Life comes at us fast now—and it came at us just as fast then, to be perfectly candid. But, for the most part crises in the past seem to us to be understandable, to be precedented. I’m sick. That plant isn’t growing enough. Taxes are too high. The sea peoples are raiding us. All bad, all far far worse than emails. But they were established, or rather, in hindsight they look established.
Surely, we imagine, a farmer in 1700 would look at [whatever problem is happening to them] and remember grandpapa talking about when [exactly this problem] happened to him and what he did about it, and from that, surely our 1700s farmer would know how to fix it! Which is much better than me, staring at my emails about [some unprecedented crazy modern bullshit] and not knowing how to respond!

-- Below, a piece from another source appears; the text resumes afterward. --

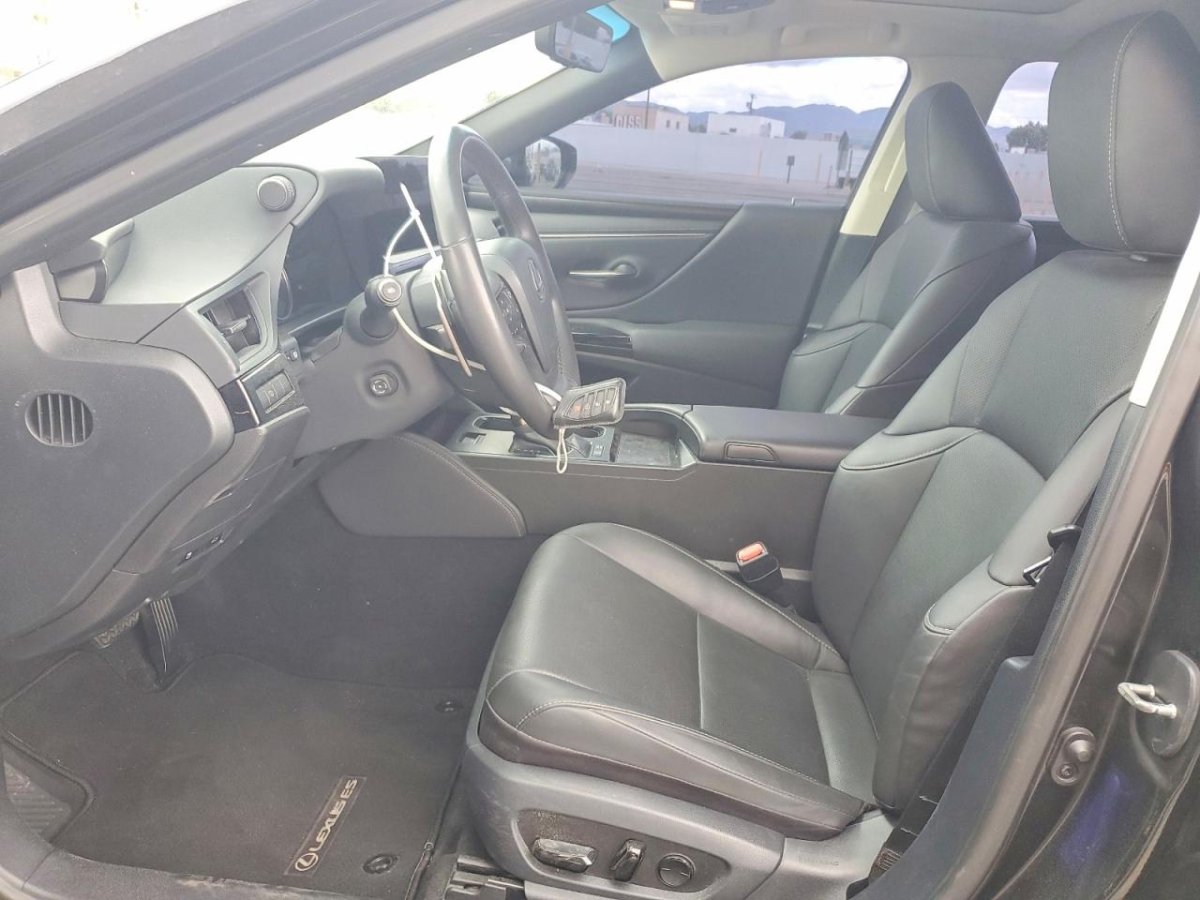 Lexus ES 300H BASE
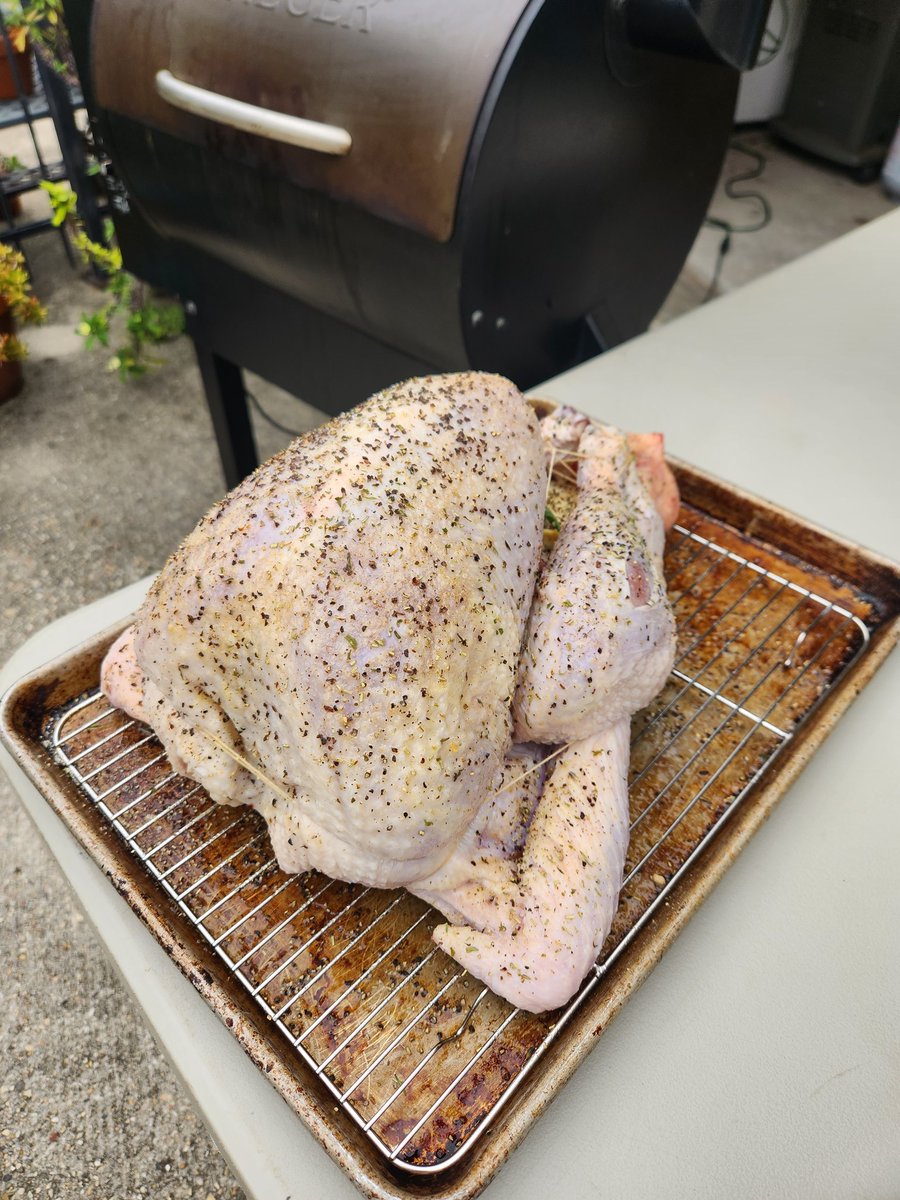 Emilio_504's tweet photo. Happy Turkey Day!! https://t.co/LvKjsb4S7G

This is of course just as much a fiction “everything was easy for subsistence farmers” thing, but unlike that one, basic historical fact isn’t enough to dispel it, partly because I’m sure that in the past as now there were plenty of people who did know what they were doing, (or at least were confident in whatever ridiculous answer they came up with) and partly because it’s much harder to know “how stressed each individual was about the crop failure” vs. “they starved or didn’t starve”
Basically, we’d do better if we engaged with this side of those fantasies as well, acknowledging the very legitimate place it comes from, instead of just debunking the easily disproven blatantly counterfactual side and acting like anyone who engages with such an attractive fantasy is de facto ignorant of historical realities.